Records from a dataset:
• • • •

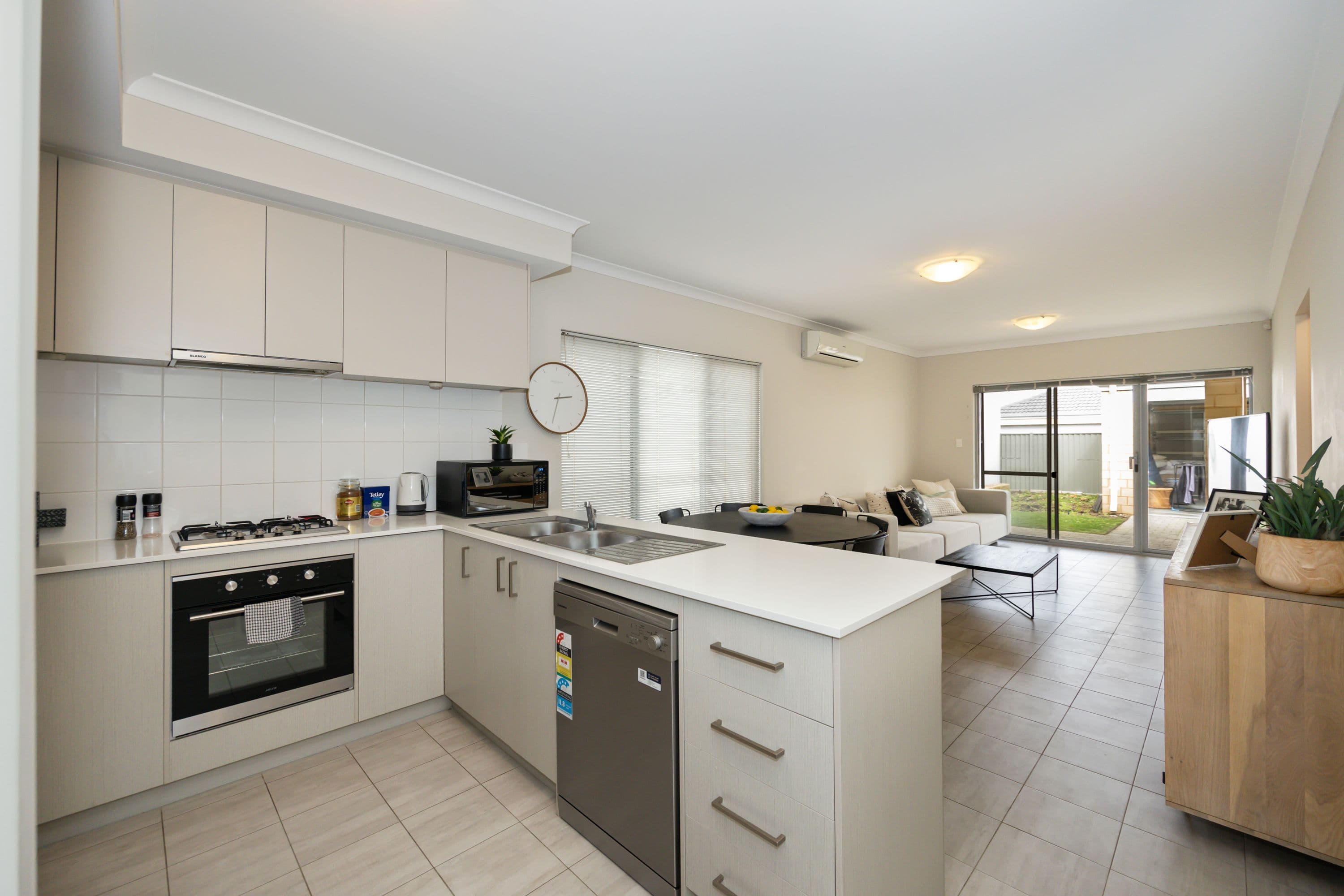 50 King Street, MAFFRA, Maffra - Thumbnail 4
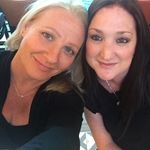 Laura Mintz Poplawski - @popylola - Instagram
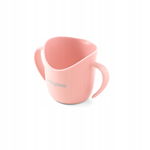 Babyono: Ergonomiczny kubek treningowy Flow 120 ml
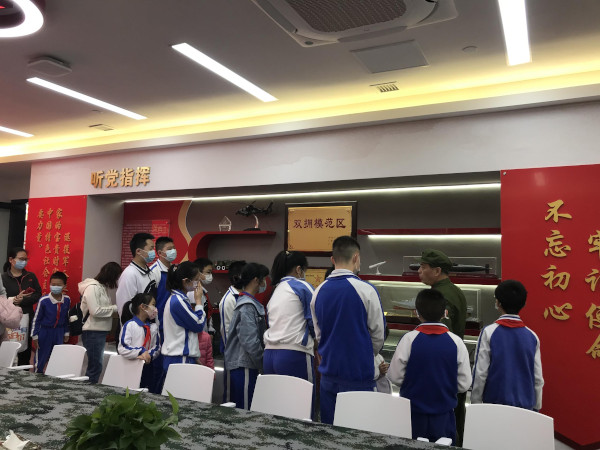 图片2.jpg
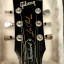 Gibson les paul standard ebony 2009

• • • •

The records are to be duplicated in full and exactly, with images left out.

Response box>
 50 King Street, MAFFRA, Maffra - Thumbnail 4
 Laura Mintz Poplawski - @popylola - Instagram
 Babyono: Ergonomiczny kubek treningowy Flow 120 ml
 图片2.jpg
 Gibson les paul standard ebony 2009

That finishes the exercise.